Most recently, and despite Washington’s braying, Britain approved the limited use of Huawei technology in the development of its own 5G network.

Barr said on Thursday that the US should consider throwing its weight behind Huawei’s closest – though still distant – rivals: Finland’s Nokia and Sweden’s Ericsson.

Such a strategy would see American companies take a controlling stake in one or both of the European firms, either directly or through an alliance with other private sector entities from US allies.

“Putting our large market and financial muscle behind one or both of these firms would make it a far more formidable competitor and eliminate concerns over its staying power, or their staying power,” said Barr. “We and our closest allies certainly need to be actively considering this approach.”

Barr was delivering an update on the Department of Justice’s “China Initiative”, a US policy set up by his predecessor in 2018 to identify and counter the Chinese theft of trade secrets and other strategic assets.

The conference included a host of top FBI and Justice Department speakers.

FBI Director Christopher Wray said his agency was honing a variety of traditional and non-traditional tools and tactics to counter what he called the “diverse and multilayered” Chinese threat.

The FBI is conducting some 1,000 China-related investigations across all 56 of its field offices, bureau officials said, complemented by Department of Justice prosecution team leaders centred in five US offices: New York; San Francisco; Boston; Dallas, Texas; and Huntsville, Alabama.

Under the China Initiative, the FBI arrested 24 people during the fiscal year ending in September, up from 15 arrests five years ago, officials said. In the last four months, it said it had arrested 19 more people.

“We are not seeking a rise in cases for the numbers,” said John Brown, assistant director of the FBI’s counterintelligence division, but rather to check what he called the biggest US threat since Washington tried to counter Moscow during the Cold War.

The US government’s aggressive pursuit of such criminal cases has prompted accusations – from individuals in academia, the private sector and even the military – of racial profiling.

On Thursday, officials sought to dispute that charge.

“This is not about the Chinese people as a whole and it’s sure as heck not about Chinese-Americans,” said Wray. “But it is about the Chinese government.”

Barr, who has generally limited his public criticism of China to matters of commercial malpractice, also fired shots at Beijing over its treatment of Muslims in Xinjiang, its internet censorship and its opposition to “self-determination” in Hong Kong.

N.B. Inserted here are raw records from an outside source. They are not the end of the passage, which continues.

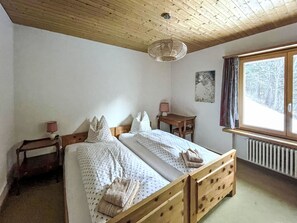 3 bedrooms - Apartment  by Interhome (Pontresina)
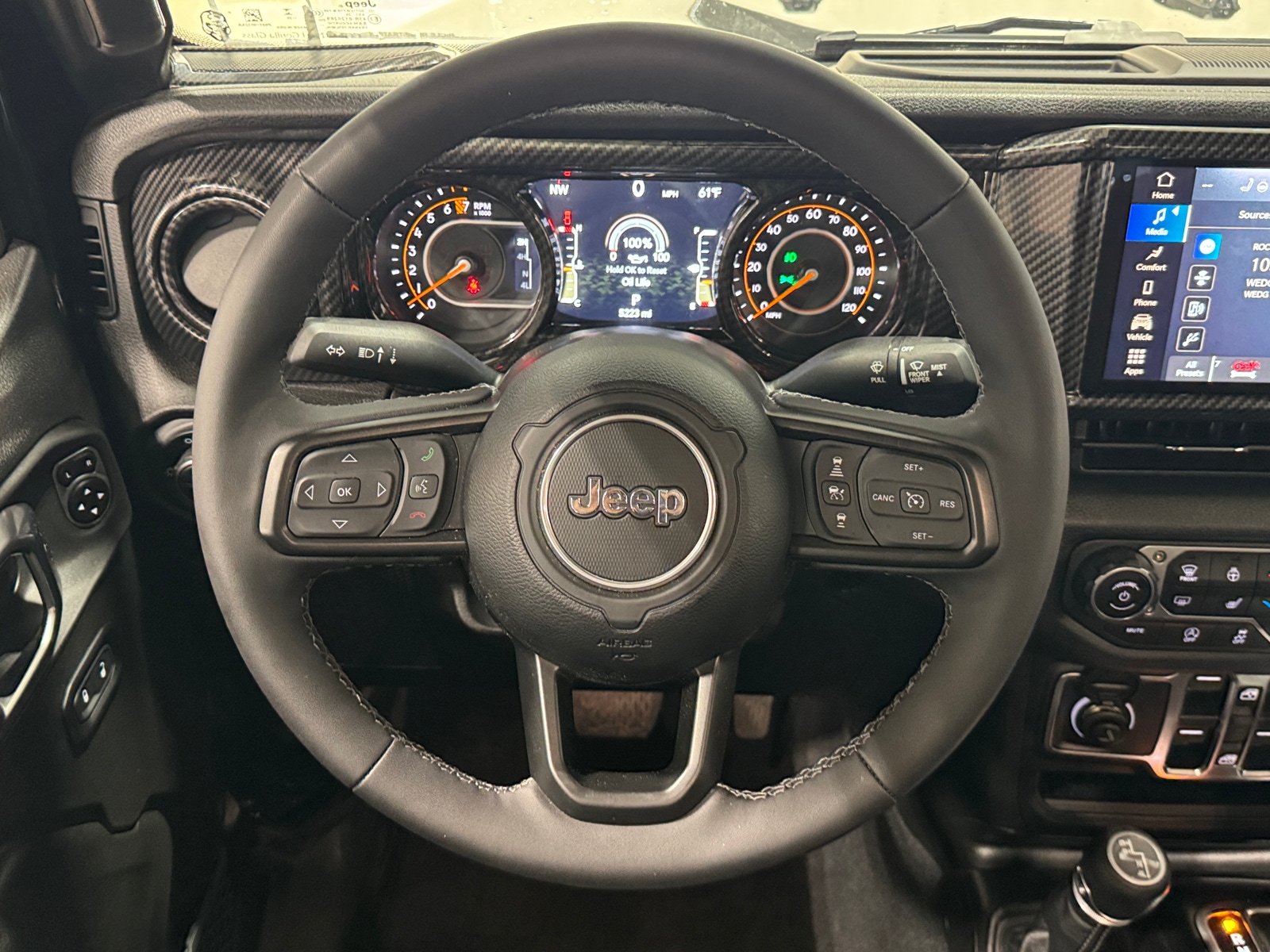 Thumbnail: 2025 Jeep Gladiator - 5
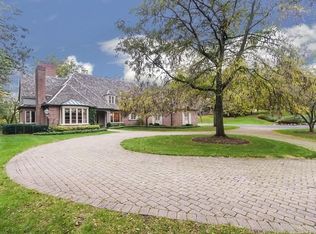 1 Goose Lake Dr, Barrington, IL 60010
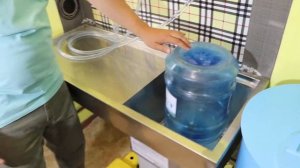 Обеззараживание бутылей. Мойка тары для чистой воды.  Бизнес на воде. Компания Родник.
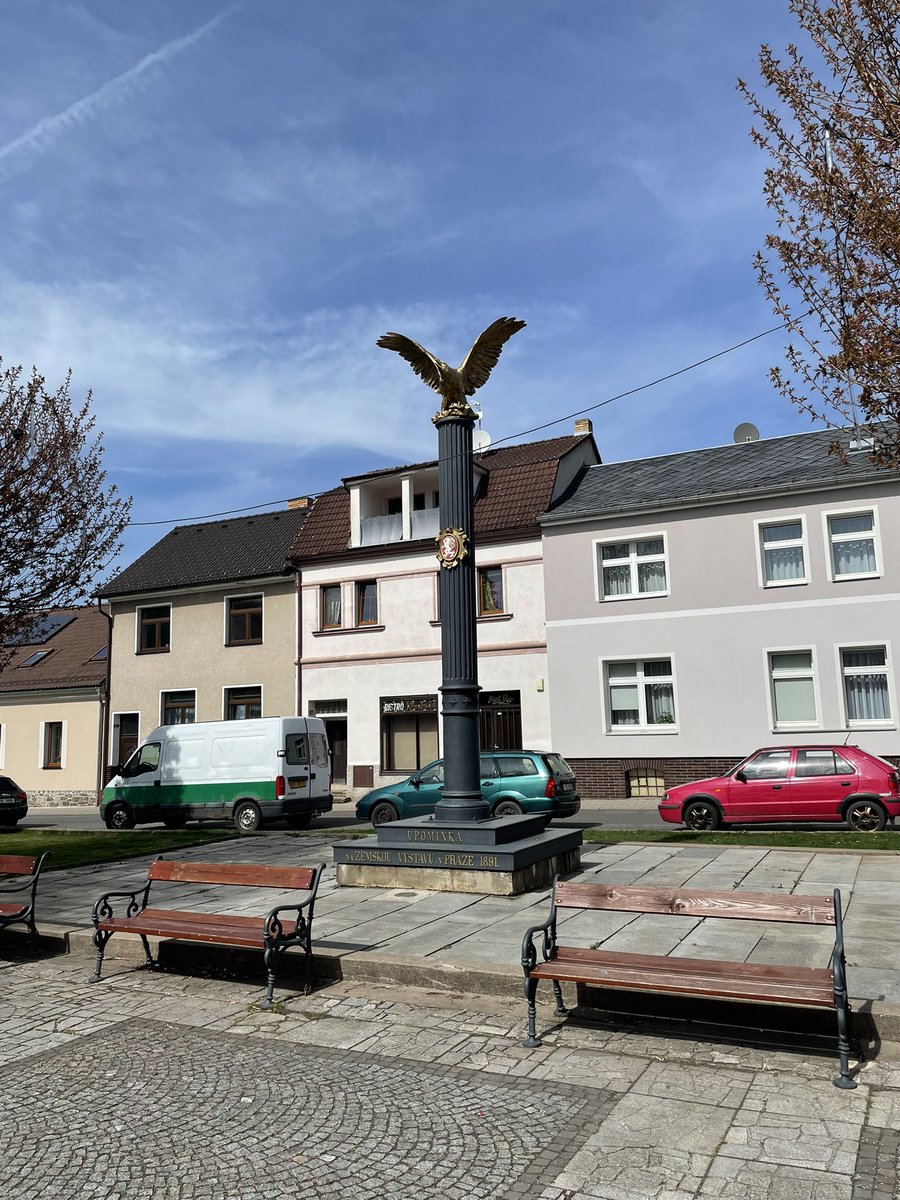 retroturistika's tweet photo. Sochy a památníky v Komárově u Hořovic #komarov #vylet #turistika #cesko #sochy #fotocesty #travel #czechia #trip #sculpture #spring https://t.co/2bUeRJ1BBR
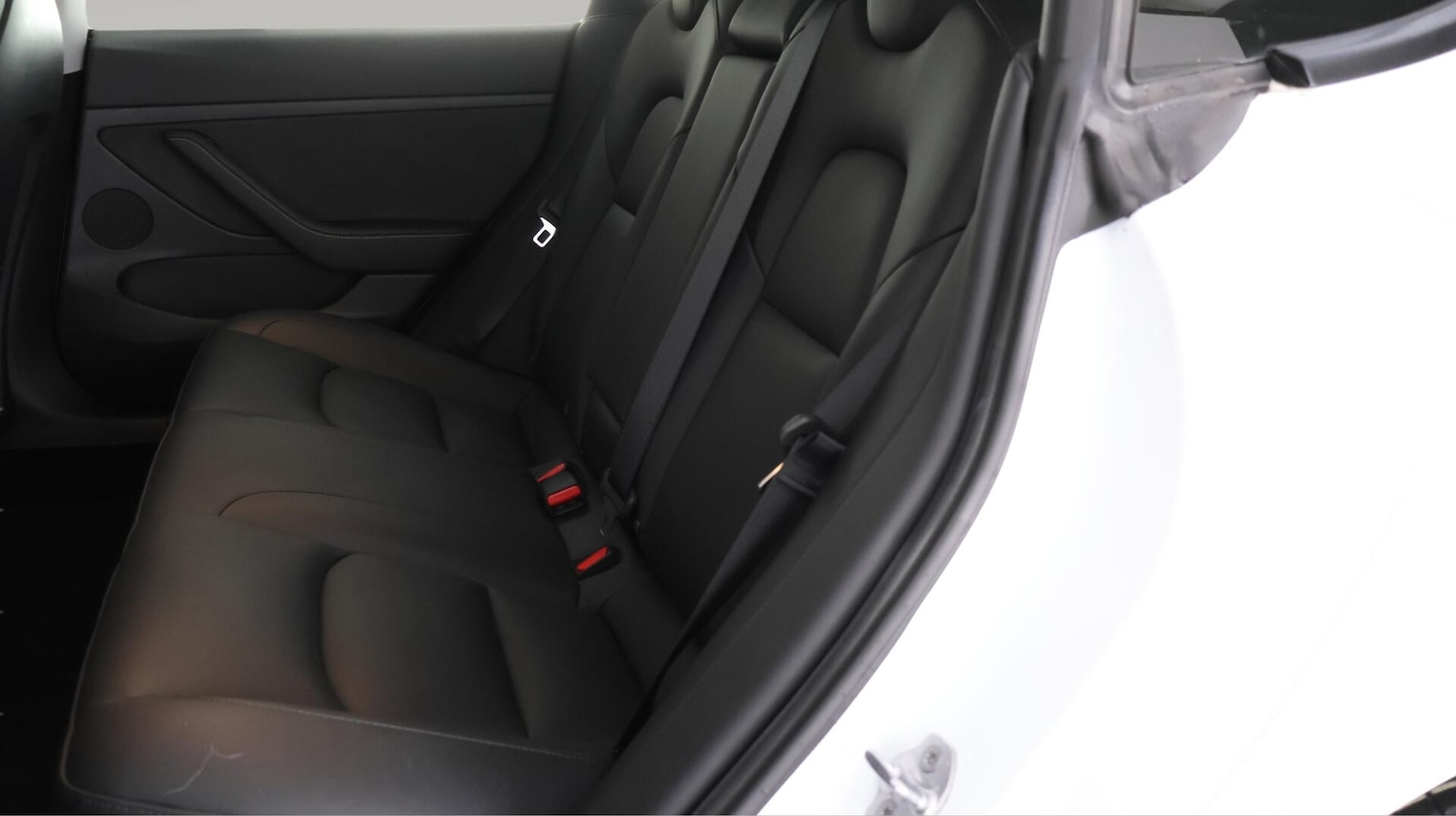 Used Tesla Model 3 2021 for sale - 76765658: Photo 17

According to recent reporting by The New York Times, which cited an unpublished manuscript by former national security adviser John Bolton, Barr has expressed unease at US President Donald Trump’s apparent closeness with Chinese President Xi Jinping.

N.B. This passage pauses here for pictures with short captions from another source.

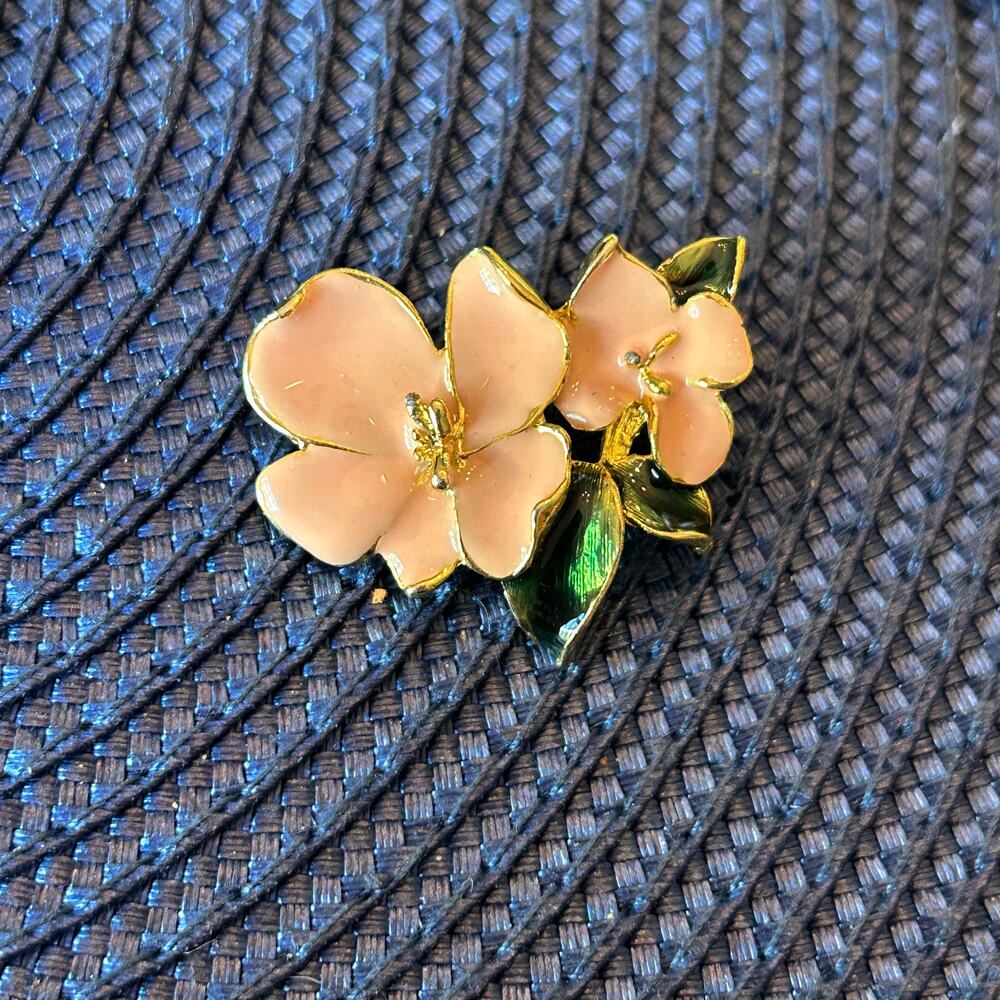 Vintage Gold Tone Dogwood Blossom Floral Spray Brooch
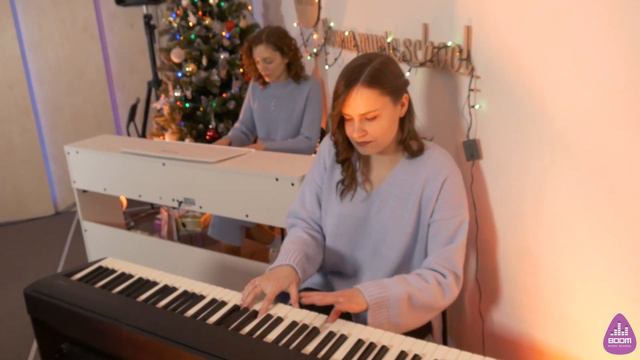 Алина и Дарья - Jingle Bells & Happy New Year piano смотреть онлайн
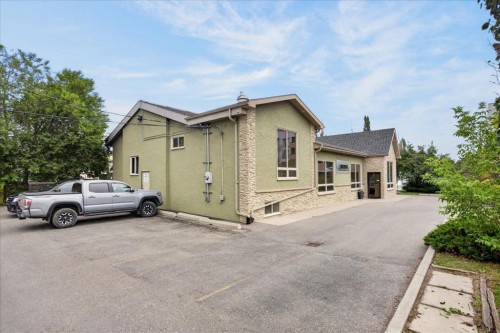 303 19 Street Nw, Calgary, AB 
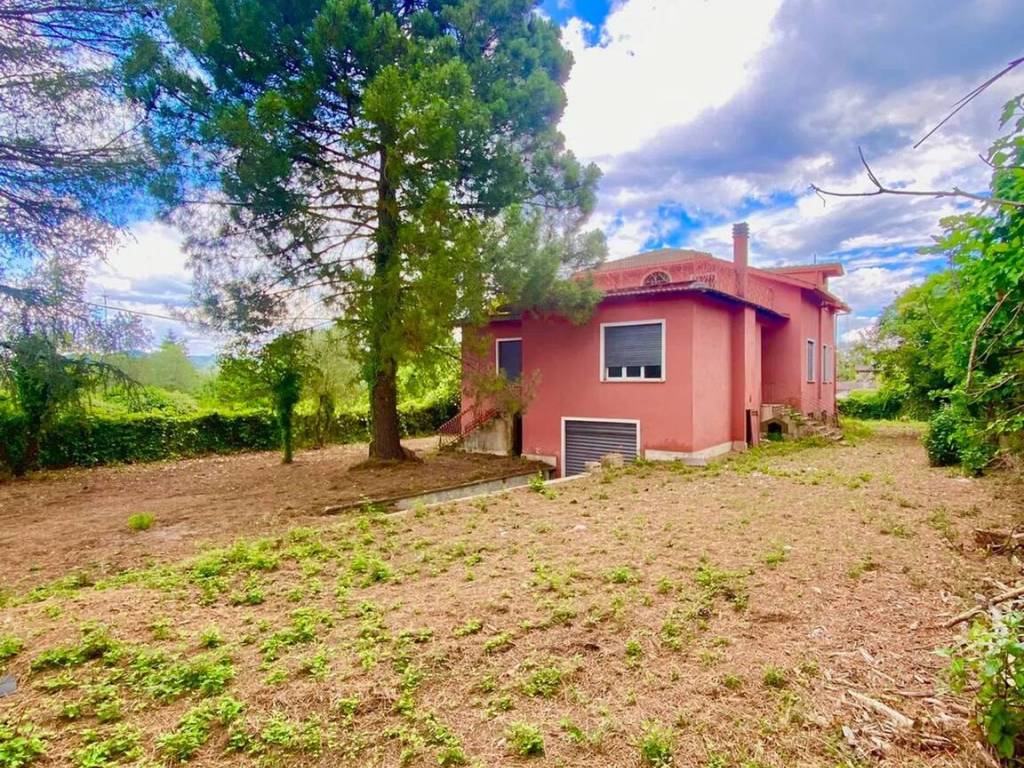 Villa a Sutri in Via Delle Viole, 7 - Foto 2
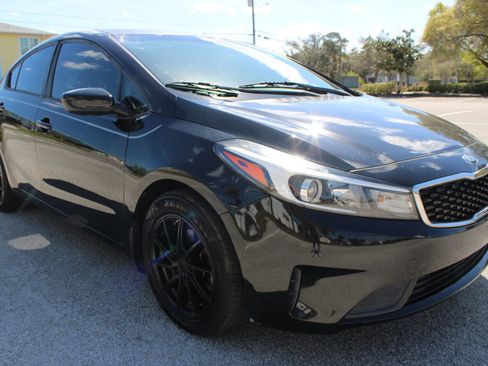 Used 2017 Kia Forte LX image 18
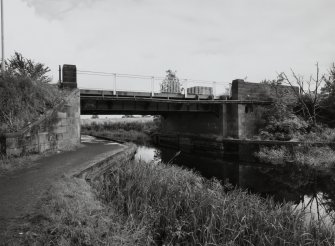 Hungryside Bridge, Forth and Clyde Canal, Lifting Bridge
View from West North West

In private conversations with Bolton, Barr raised concerns that Trump had led autocratic leaders, including Xi, to believe that he had “undue influence” over what should be considered independent judicial matters, The Times reported.

In May 2018, Trump announced that he was working with Xi to get ZTE, a Chinese telecommunications giant that Washington had banned from procuring US technology, “back into business”. Several weeks later, the US administration lifted the ban under an agreement in which the company put US$400 million in escrow.